We did see some people heading up who seemed quite unprepared for the physical challenge, the hot weather, or the possibility of a blink-of-an-eye change in weather.  In fact, one young girl approached us as we neared the finish and asked how long it would take to climb to Mueller Hut.  At 3:30pm, we told her it was about 4 hours away.  Off she went, dressed only in short shorts and a tank top, carrying a small backpack and no visible water.  Proceed at your own risk, dear.

This was our first exposure to New Zealand’s attitude of personal accountability.  Frankly, if you’re stupid enough to set out on a hike without proper knowledge of the track or proper equipment, then you deserve whatever happens to you.  And, don’t think you can sue someone for your own stupidity.  New Zealand’s legal systems bars most forms of personal litigation.

This is not a country where the coffee cups are (embarrassingly) printed with:  “Warning, contents are hot!”  In fact, we did not even sign a liability form prior to flying in the helicopter over Milford Sound, even though we landed on top of a glacier.  There, Amy and I, without a second thought, jumped over a crack in the snow.  It wasn’t until later that the pilot told us we probably shouldn’t go near the crack as it could widen without warning.  He wasn’t angry and seemed rather amused by our death-defying leaps.  However, I definitely got the feeling that if the crack widened and swallowed us whole, he would have just shrugged and said, “Well, what do you expect?  You were stupid enough to play around a giant crack in a glacier.”

Amy and I having fun tempting death.
Amy and I having fun tempting death.

At Key Summit, Greg and I decided we wanted to jog back down the trail to the bus, as most of the trail was perfect for running.  We checked with our guide, Amelia, who not only gave us permission, but handed us the bus keys.  I got the feeling she was impressed by our need to challenge ourselves but also expectant that should we hurt ourselves, there would be no whining or complaining.

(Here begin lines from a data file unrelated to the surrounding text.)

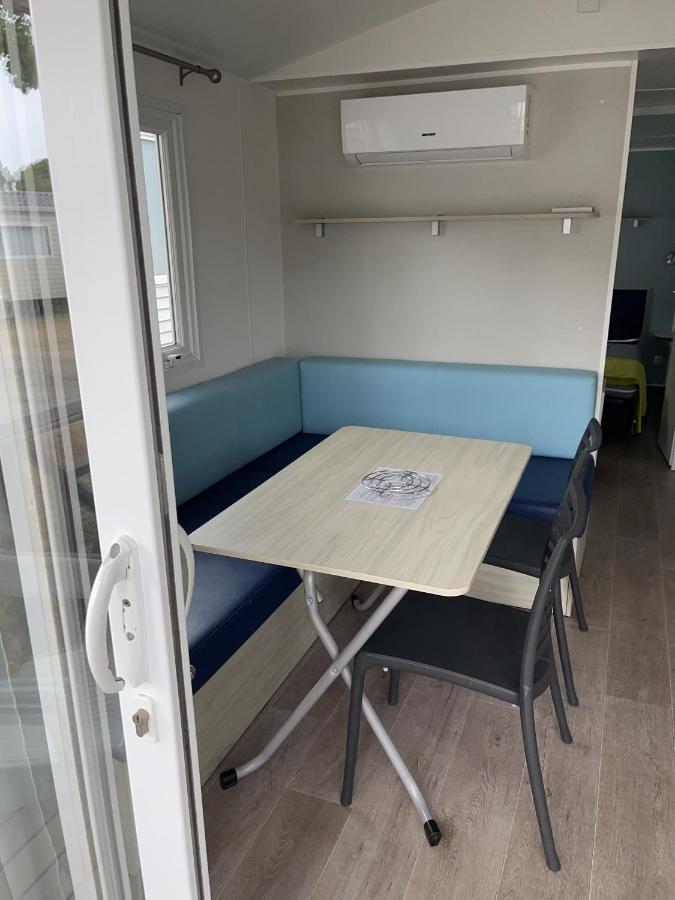 Camping La Marine Le Grau-du-Roi Exteriör bild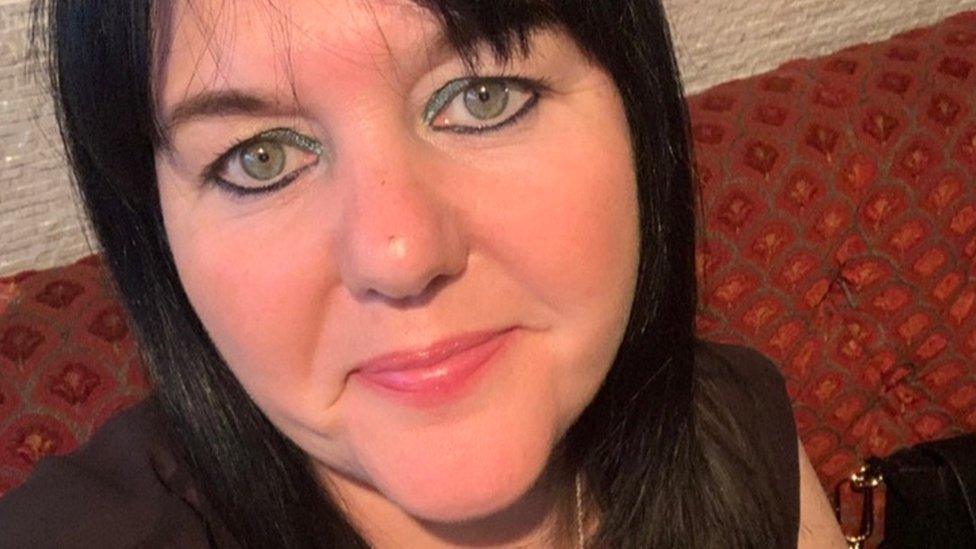 Lisa, 49 from Rainham, Essex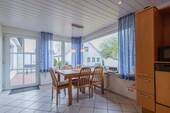 Küche mit Austritt auf die Terrasse - 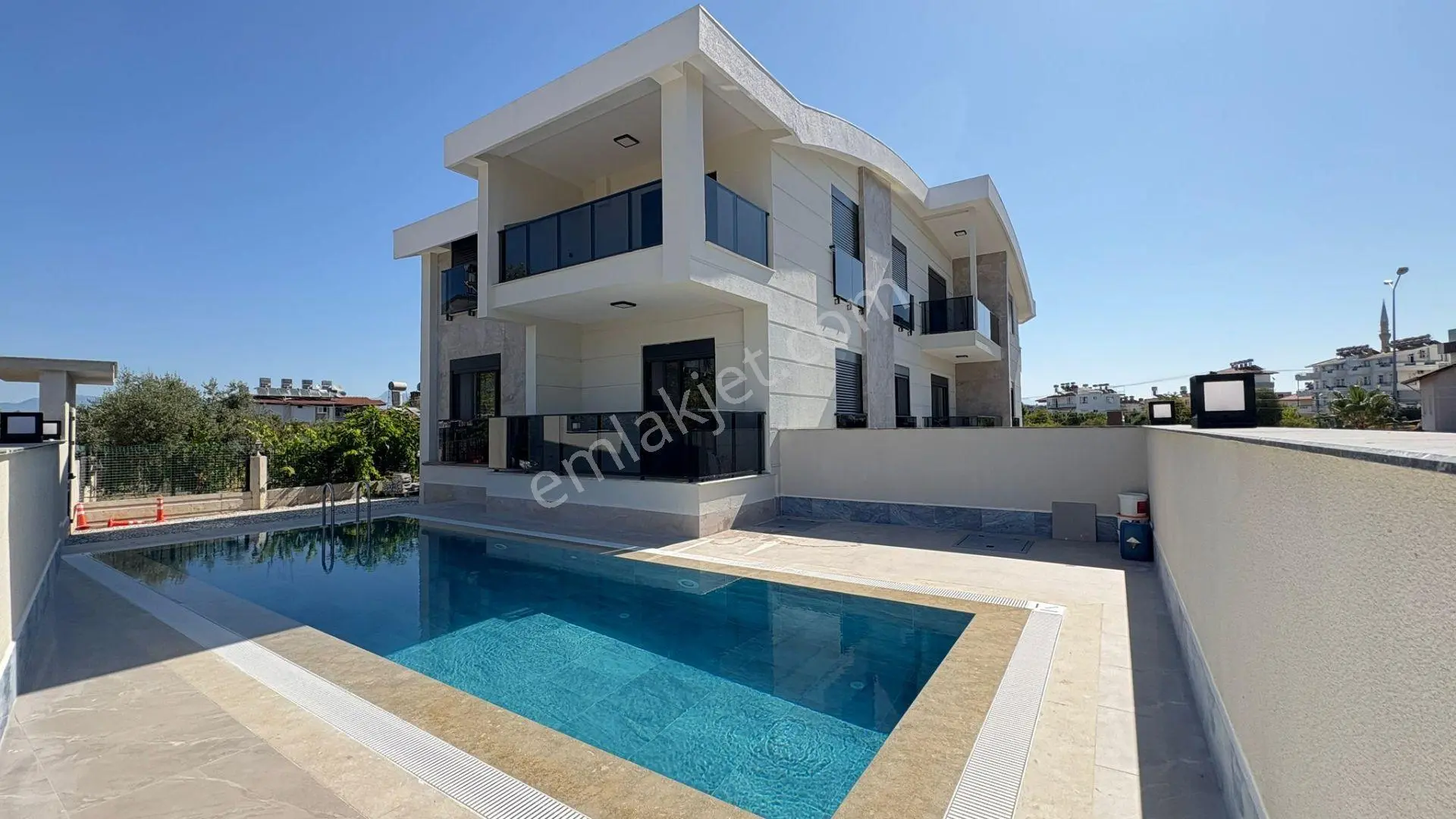 Manavgat Side'de Eşyalı 1+1 Kiralık Daire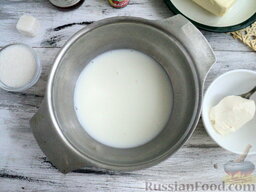 Сливочный крем: Молоко влейте в небольшую мисочку, добавьте пищевой ароматизатор.   Поставьте емкость на плиту, доведите до кипения, прокипятите жидкость несколько минут. Теперь отставьте мисочку и остудите ванильное молоко до комнатной температуры.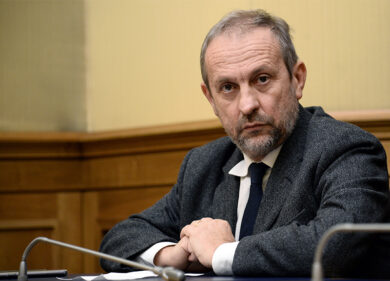 Governo, FI più vicina. Ceccanti (Pd) ad Affari: “Convergenze sì ma parallele”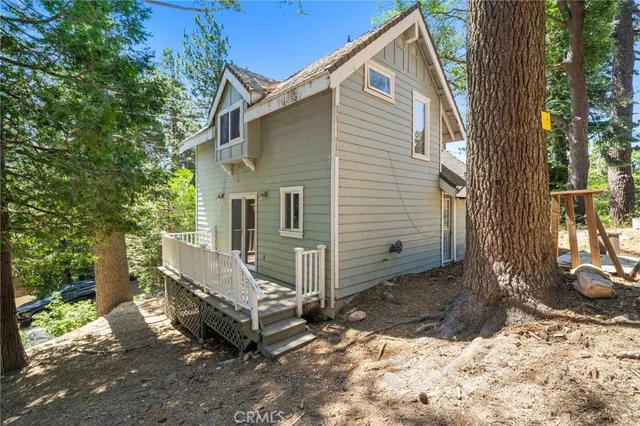 $270,000 | 746 West Victoria Court, Lake Arrowhead, CA 92352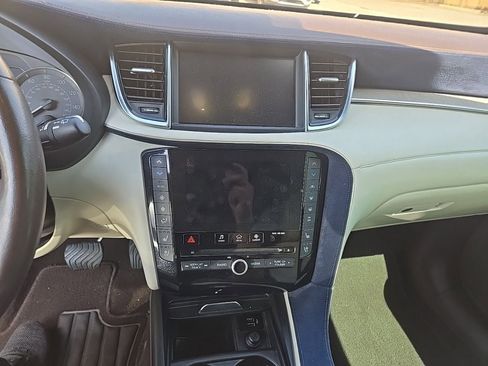 Certified 2019 INFINITI QX50 Essential w/ Sensory Package image 12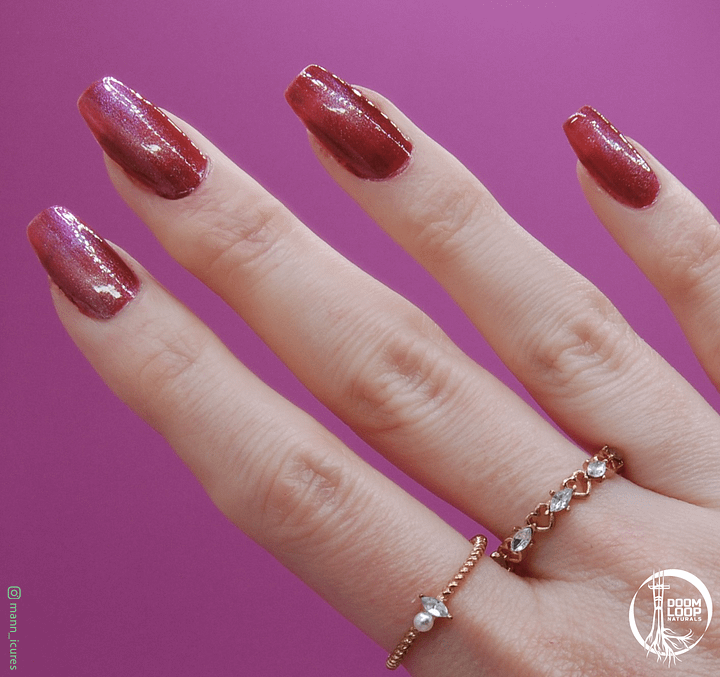 SUGARPLUM SCARY - Plum and Green Magnetic Nail Polish product image (2)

I loved this attitude.  I loved that toughness and physically pushing oneself were valued.  I loved that we were allowed to do it even though we were part of a tour.  In America, I have no doubt we would have been managed much more closely and had our choices limited by rules and guidelines.  I loved the expectation that I would be held accountable for my own behavior.  That the consequences of my actions, whether good or bad, were mine to own.

When we discussed this attitude with several older New Zealanders, they scoffed and said the younger generation no longer believed in personal accountability; that the toughness of their generation and those before was not found in today’s softer Kiwi.  I’m not sure I believe this although we did notice the only warning signs we saw were posted at the Fox Glacier, which only opened to the public a year ago.  On the other hand, our two guides were young New Zealanders and they were tough as nails.  I can’t imagine them ever being whiny, blame placing, softies.

Our bad ass guides finally relaxing with us on the last day of the trip.
Our bad ass guides finally relaxing with us on the last day of the trip.

This rugged individualism, self reliance, and toughness brought to mind America’s Wild West, or at least Hollywood’s version of it.  I imagine John Wayne would have been quite content living on New Zealand’s South Island.